* _Recorded information_:

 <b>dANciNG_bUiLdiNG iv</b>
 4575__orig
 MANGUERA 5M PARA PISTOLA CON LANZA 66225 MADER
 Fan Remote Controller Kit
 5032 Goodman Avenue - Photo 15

==

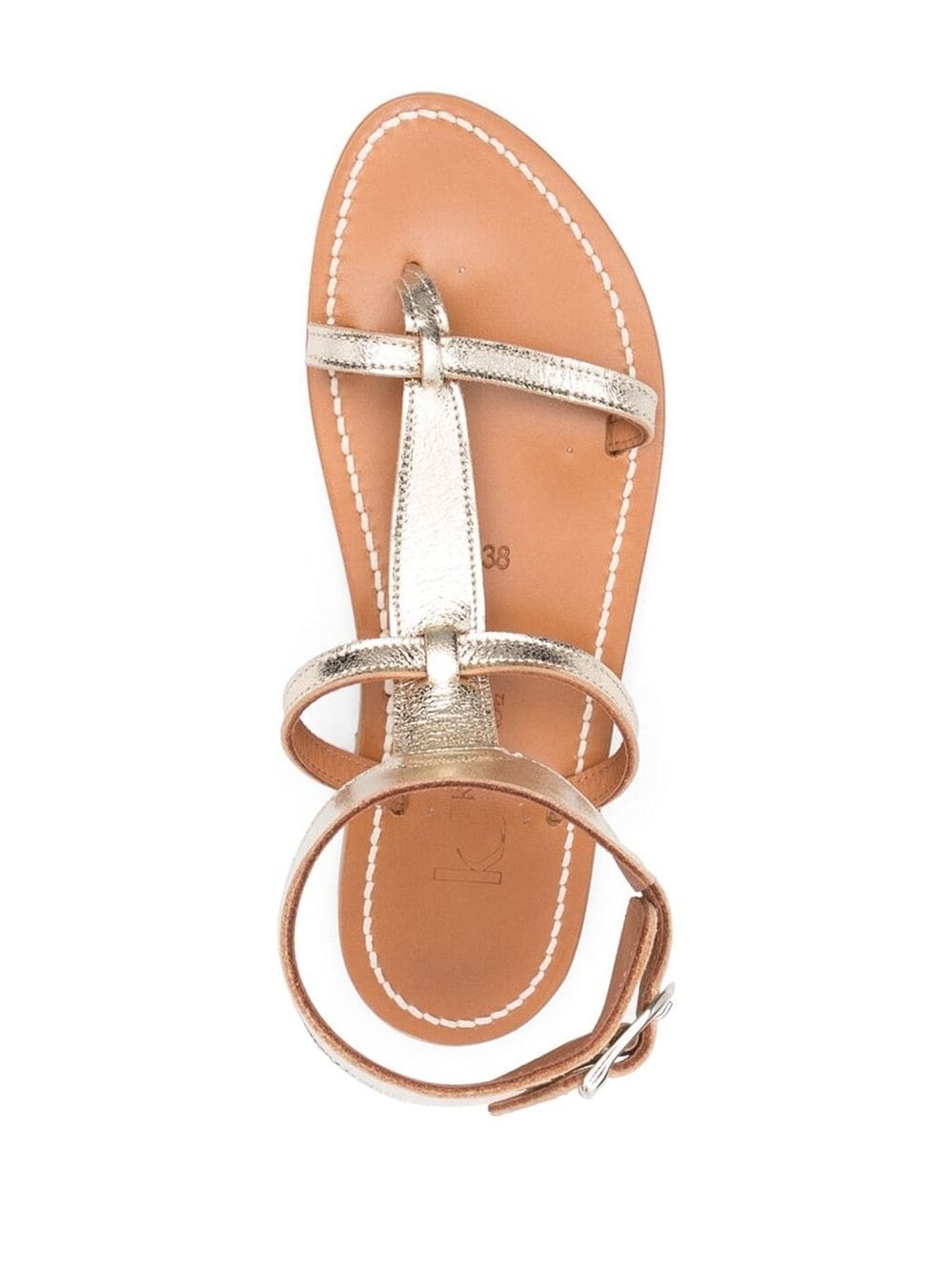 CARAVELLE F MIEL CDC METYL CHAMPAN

==

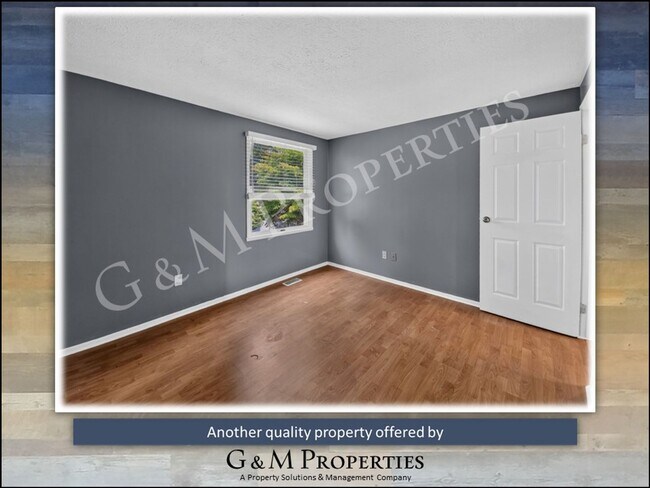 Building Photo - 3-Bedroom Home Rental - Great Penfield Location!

* _What is needed_:
As the answer, set down only the lines from the data above between the one holding "<b>dANciNG_bUiLdiNG iv</b>" and the one holding "5032 Goodman Avenue - Photo 15", inclusive, exactly as they read.

* _Answer to the problem_:
 <b>dANciNG_bUiLdiNG iv</b>
 4575__orig
 MANGUERA 5M PARA PISTOLA CON LANZA 66225 MADER
 Fan Remote Controller Kit
 5032 Goodman Avenue - Photo 15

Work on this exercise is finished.